Demenz: Technische Hilfsmittel erhöhen die Sicherheit

Menschen mit Demenz können oftmals die Folgen ihres Tuns nicht mehr einschätzen. Sie werden damit zu einer Gefahr für sich und andere. Die Risiken können nicht völlig ausgeschlossen werden, jedoch kann durch technische Hilfsmittel die Sicherheit erhöht werden.
In der frühen Phase der Demenzerkrankung ist die „Vergesslichkeit“ ein Hauptproblem. Hilfen können z. B. Elektroherde mit Abschaltautomatik sein. Ein Brandmelder ist bei Menschen mit Demenz besonders wichtig.

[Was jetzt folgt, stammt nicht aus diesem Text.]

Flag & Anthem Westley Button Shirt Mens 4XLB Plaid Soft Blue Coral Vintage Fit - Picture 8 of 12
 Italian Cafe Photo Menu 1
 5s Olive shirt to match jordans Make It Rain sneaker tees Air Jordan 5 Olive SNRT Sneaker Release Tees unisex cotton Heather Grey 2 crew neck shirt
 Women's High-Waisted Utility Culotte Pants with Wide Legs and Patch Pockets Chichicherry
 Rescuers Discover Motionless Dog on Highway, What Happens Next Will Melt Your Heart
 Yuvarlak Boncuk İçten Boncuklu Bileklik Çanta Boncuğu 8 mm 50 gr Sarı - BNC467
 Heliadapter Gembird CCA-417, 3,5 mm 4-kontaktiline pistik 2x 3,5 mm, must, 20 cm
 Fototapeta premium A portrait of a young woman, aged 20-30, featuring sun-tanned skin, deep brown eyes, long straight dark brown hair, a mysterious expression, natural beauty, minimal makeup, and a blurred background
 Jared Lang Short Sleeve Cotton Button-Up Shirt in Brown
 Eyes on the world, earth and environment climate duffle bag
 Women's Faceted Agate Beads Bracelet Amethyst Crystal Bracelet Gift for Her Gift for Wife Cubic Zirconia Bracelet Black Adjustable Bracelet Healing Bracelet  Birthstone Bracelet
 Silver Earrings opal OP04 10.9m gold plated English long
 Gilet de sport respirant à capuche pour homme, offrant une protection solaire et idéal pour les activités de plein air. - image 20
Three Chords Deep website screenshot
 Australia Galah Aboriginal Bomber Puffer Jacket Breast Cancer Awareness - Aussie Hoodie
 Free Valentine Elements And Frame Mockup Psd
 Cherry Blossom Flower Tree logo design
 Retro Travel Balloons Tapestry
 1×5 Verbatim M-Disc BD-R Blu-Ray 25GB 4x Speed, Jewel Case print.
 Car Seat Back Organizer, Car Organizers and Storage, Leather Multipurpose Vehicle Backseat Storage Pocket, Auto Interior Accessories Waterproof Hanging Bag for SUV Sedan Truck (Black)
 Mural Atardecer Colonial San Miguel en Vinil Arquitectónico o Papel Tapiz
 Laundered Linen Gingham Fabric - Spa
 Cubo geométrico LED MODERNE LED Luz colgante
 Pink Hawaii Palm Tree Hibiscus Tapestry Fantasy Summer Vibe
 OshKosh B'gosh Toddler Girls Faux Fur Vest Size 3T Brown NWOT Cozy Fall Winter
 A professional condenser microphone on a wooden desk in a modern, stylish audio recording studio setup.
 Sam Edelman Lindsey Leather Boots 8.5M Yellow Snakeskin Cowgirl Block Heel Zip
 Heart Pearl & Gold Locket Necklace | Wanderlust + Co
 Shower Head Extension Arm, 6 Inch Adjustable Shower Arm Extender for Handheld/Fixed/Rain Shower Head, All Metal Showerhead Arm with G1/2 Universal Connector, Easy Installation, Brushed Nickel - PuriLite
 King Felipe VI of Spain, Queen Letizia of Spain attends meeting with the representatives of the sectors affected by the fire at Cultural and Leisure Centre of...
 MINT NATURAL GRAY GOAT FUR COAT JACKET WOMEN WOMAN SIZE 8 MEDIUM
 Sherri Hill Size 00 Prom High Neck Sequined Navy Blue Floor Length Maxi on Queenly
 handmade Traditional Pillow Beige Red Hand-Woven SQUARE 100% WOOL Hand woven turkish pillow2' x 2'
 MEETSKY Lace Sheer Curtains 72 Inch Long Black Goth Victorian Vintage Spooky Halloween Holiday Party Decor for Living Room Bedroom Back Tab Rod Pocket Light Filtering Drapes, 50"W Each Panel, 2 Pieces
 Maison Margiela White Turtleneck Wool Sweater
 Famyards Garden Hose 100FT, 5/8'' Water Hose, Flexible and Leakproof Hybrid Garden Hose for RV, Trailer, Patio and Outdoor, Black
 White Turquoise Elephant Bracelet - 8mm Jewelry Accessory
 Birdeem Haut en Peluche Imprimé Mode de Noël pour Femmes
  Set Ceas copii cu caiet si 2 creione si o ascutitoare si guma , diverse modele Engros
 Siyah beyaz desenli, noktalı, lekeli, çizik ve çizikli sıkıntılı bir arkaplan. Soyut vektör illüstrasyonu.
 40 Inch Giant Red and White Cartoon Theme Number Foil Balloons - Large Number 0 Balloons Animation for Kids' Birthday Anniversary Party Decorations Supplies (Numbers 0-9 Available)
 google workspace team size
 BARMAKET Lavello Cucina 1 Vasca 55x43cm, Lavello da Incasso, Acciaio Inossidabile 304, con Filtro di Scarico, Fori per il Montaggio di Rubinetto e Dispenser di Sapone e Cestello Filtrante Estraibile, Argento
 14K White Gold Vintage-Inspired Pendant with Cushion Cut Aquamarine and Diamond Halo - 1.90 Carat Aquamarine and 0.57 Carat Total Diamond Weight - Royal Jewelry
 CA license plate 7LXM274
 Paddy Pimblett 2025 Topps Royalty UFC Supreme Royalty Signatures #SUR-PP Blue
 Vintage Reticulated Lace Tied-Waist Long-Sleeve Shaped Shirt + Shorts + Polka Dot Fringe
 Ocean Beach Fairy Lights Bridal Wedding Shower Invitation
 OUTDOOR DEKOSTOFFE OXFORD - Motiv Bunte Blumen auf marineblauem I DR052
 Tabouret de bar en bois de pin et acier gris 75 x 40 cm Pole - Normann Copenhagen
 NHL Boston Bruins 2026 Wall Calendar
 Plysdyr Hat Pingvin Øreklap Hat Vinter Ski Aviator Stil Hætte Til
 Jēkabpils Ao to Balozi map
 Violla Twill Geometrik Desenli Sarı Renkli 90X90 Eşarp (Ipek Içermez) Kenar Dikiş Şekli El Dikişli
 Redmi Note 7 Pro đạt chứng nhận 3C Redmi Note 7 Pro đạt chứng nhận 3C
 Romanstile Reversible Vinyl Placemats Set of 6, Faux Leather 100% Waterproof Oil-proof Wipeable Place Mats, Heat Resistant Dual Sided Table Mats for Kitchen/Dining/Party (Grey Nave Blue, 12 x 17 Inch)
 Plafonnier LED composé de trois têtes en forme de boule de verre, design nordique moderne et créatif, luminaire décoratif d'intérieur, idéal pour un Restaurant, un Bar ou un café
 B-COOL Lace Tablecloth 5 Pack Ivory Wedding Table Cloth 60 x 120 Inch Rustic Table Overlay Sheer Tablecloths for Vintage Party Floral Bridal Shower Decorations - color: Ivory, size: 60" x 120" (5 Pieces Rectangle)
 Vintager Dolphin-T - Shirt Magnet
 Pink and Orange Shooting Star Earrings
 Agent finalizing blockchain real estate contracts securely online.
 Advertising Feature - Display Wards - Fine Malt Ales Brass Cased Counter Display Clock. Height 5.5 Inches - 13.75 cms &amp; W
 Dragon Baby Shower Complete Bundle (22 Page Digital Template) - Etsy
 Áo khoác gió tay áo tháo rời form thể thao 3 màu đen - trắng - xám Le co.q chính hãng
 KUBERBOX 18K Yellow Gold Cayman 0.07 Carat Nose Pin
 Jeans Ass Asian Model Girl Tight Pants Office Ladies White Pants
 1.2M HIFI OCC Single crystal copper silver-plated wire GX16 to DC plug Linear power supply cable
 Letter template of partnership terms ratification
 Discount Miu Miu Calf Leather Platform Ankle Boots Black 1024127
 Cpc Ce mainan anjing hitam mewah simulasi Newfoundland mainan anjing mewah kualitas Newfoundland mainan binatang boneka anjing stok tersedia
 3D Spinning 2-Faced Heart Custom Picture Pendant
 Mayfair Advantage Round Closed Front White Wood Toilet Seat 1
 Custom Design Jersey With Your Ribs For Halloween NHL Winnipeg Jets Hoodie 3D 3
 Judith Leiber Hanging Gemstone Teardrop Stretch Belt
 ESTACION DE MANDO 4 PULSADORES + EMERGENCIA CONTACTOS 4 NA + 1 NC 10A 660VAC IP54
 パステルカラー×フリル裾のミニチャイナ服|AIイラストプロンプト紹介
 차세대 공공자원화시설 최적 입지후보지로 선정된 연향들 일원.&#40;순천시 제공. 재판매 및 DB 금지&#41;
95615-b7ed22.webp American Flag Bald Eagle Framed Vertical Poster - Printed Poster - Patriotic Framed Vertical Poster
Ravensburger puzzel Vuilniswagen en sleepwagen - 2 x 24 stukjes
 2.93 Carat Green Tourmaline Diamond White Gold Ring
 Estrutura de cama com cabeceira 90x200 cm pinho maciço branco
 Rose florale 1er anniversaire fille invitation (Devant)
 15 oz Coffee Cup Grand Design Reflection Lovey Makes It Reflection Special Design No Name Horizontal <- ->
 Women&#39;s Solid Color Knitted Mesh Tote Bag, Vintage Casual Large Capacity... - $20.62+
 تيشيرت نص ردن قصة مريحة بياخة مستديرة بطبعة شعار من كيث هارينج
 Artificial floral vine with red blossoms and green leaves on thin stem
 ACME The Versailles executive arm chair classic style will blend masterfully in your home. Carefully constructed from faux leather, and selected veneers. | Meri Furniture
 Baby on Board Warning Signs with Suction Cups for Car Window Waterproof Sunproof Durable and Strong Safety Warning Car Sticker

Demenz: Technisches Hilfsmittel Bewegungsmelder

Bei Weglaufgefahr können Alarm auslösende Bewegungsmelder mehr Sicherheit geben.

Demenz: Technisches Hilfsmittel Alarmmatten

Statt eines Bewegungsmelders haben sich auch sog. Alarmmatten bewährt. Sie liegen z. B. auf dem Boden vor dem Bett oder Stuhl und lösen über Funk oder über ein Leitungsnetz Alarm aus, wenn eine Person Druck auf die Matte ausübt.

Demenz: Technisches Hilfsmittel Ortung per GPS-Signal

Manche Handys erleichtern auch die Ortung per GPS-Signal. Über das Internet kann dann auf 10 m genau der Standort festgestellt werden, wenn der Schutzbefohlene das Haus unbeobachtet verlassen oder wenn er sich verirrt hat.

Demenz: Technisches Hilfsmittel Überwachungskameras

Auch Überwachungskameras sind zu rechtfertigen, wenn der Demenz-Kranke dem noch bewusst zustimmt oder wenn diese Maßnahme einen ansonsten noch größeren Eingriff verzichtbar macht, wie z. B. „freiheitsentziehende Maßnahmen“.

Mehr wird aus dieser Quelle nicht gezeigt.